Partnership INRAE and BAIF renew their collaborations
INRAE CEO’s visit to India enabled the fourth renewal of the framework agreement initiated in 2003 with the BAIF, INRAE and CIRAD. Take a look at this hirtorical partnership.
MAHDIA in Africa - Combining Agroecology and Water Resilience for Sustainable Food Systems through Collective Intelligence and Territorial Support
As part of the international research initiative "Agroecological transition under water stress in the Mediterranean region for sustainable food systems" and the TSARA partnership (Transforming Food and Agricultural Systems through Research in Partnership with Africa), INRAE is developing the MAHDIA* living lab project. The aim: to create a link between the players involved in production, ecological transition and food in Tunisia, Senegal and Morocco. "In a context of severe water stress, we need to think about an agricultural model that is more sober, sustainable, rooted in the regions and meets local food needs", explains Sami Bouarfa, project leader and deputy head of INRAE's AQUA division.

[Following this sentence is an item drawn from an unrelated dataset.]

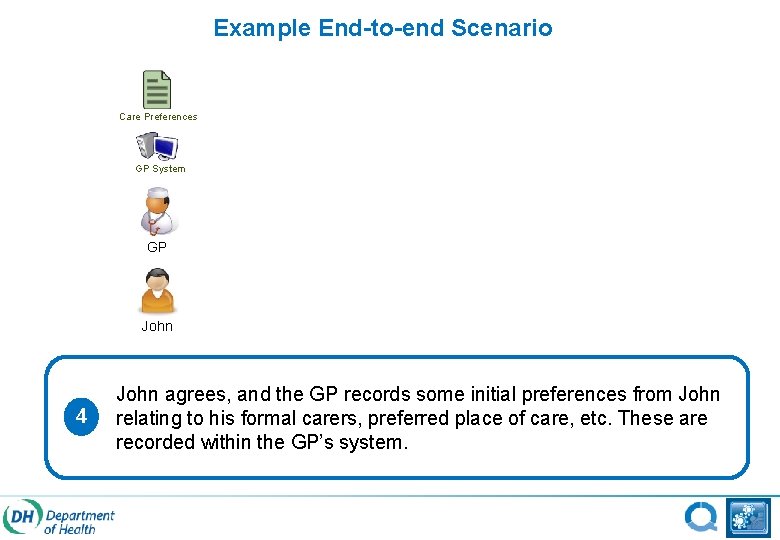 Example End-to-end Scenario Care Preferences GP System GP John 4 John agrees, and the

The project involves INRAE and CIRAD researchers from France and the three partner countries. The National Institute of Agronomic Research of Tunisia, the National School of Agriculture in Meknes and the Senegalese Institute for Agricultural Research are already involved with a number of scientists in the fields of agroecology, water sciences, food sciences as well as human and social sciences.

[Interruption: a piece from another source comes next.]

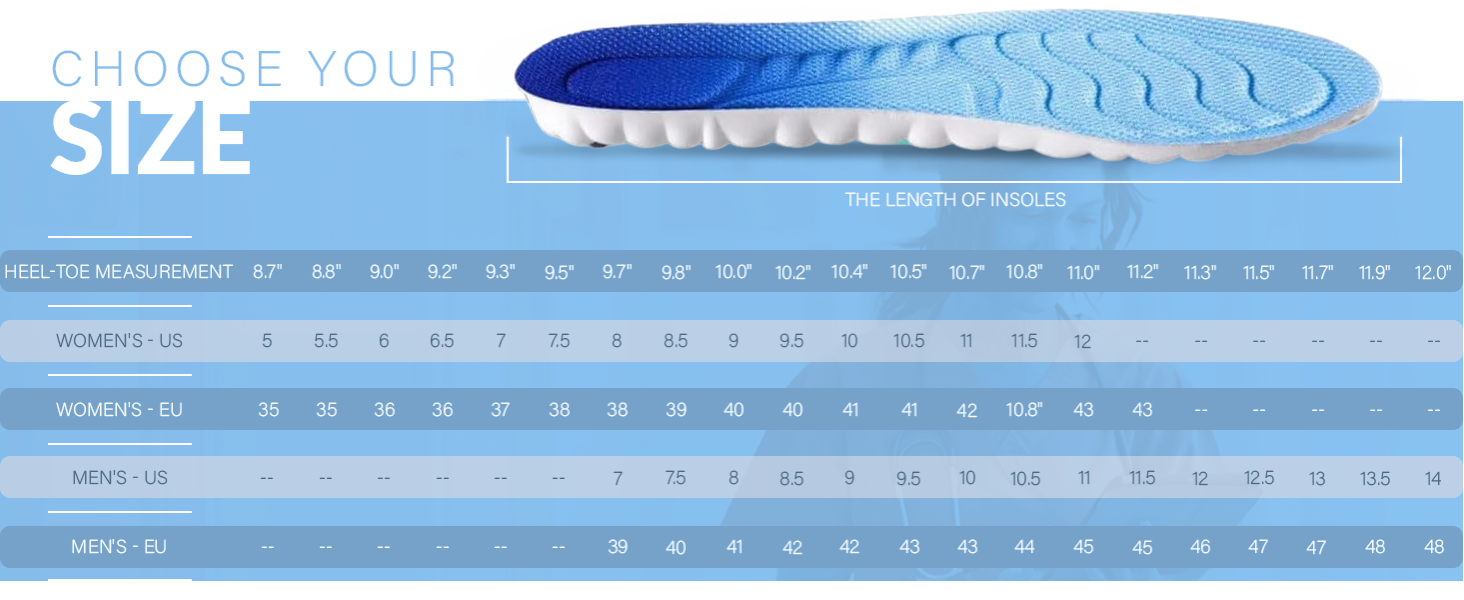 Steppers Insoles for Men &amp;amp; Women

Today, the challenge is to establish a framework for designing, developing and evaluating living lab systems that combine on the same level the players involved in food, agroecological transitions and water management in three urban and rural areas. “This project requires us to work in an interdisciplinary way, linking different approaches. It also requires us to go back and forth between identifying stakeholders and needs, a rather precise objective and very flexible action methods.” The design thinking began in Tunisia on a Maghreb-wide scale around the water-food-agroecology triptych, then extended to Senegal, in the wake of the TSARA initiative launched by INRAE and CIRAD in 2022. The plan is for these living labs to be set up on platforms that are already dedicated to agroecological projects: the Meknes region in Morocco, the Kairouan region in Tunisia and the town of Fatick in Senegal, with strong involvement from local authorities. “We are not starting from scratch, but from agricultural pre-networks that we will expand and broaden to include food issues.” All these players met at a seminar in Meknes from 12 to 14 September 2023 in order to define the outlines of a project to be financed around these objectives.

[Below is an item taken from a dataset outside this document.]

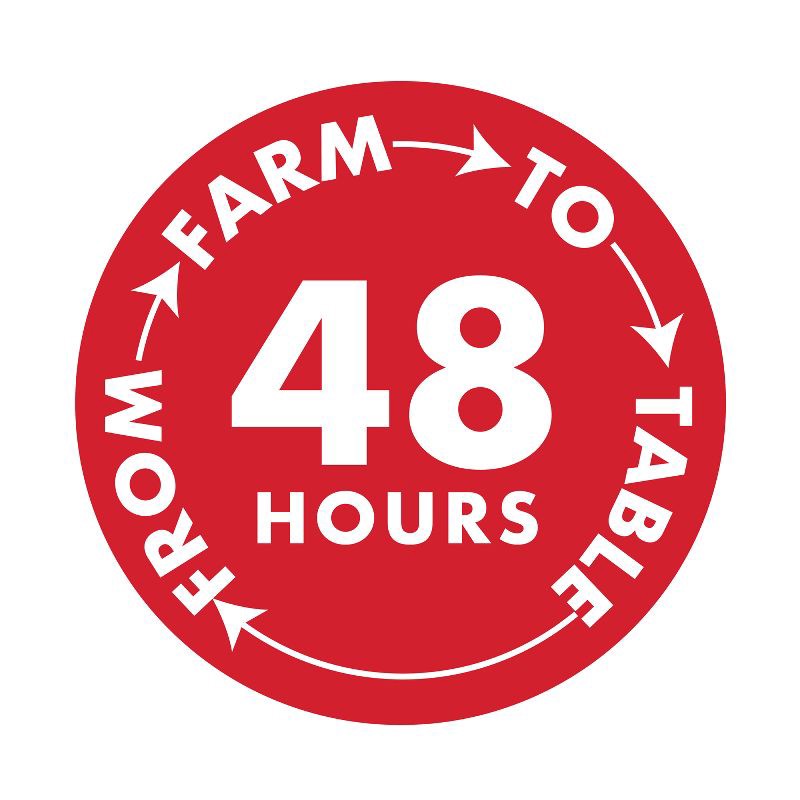 slide 4 of 9, Prairie Farms Vitamin D Chocolate Milk - 1.5gal, 1/2 gal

At a local and operational level, a territorial coordination system will provide a link between researchers, farmers and consumer organisations, however small, established to deal with food issues. “We will be able to rapidly get a firm foothold in the regions, so that these systems can enable the players involved to get together and talk to each other in order to jointly develop solutions. We are working towards a strong community ownership of these tools.” With this in mind, a partnership with the city and metropolis of Montpellier has also been set up for an international exchange of experience on living labs.
Understand INRAE's international research initiatives
The Institute has launched the IRI approach, in line with its INRAE 2030 strategic roadmap. The aim is to work with scientific partners to mobilize national, European and international efforts to build a research agenda, and then to support ministries in the development of international initiatives including a research pillar. 6 themes have been supported since 2018.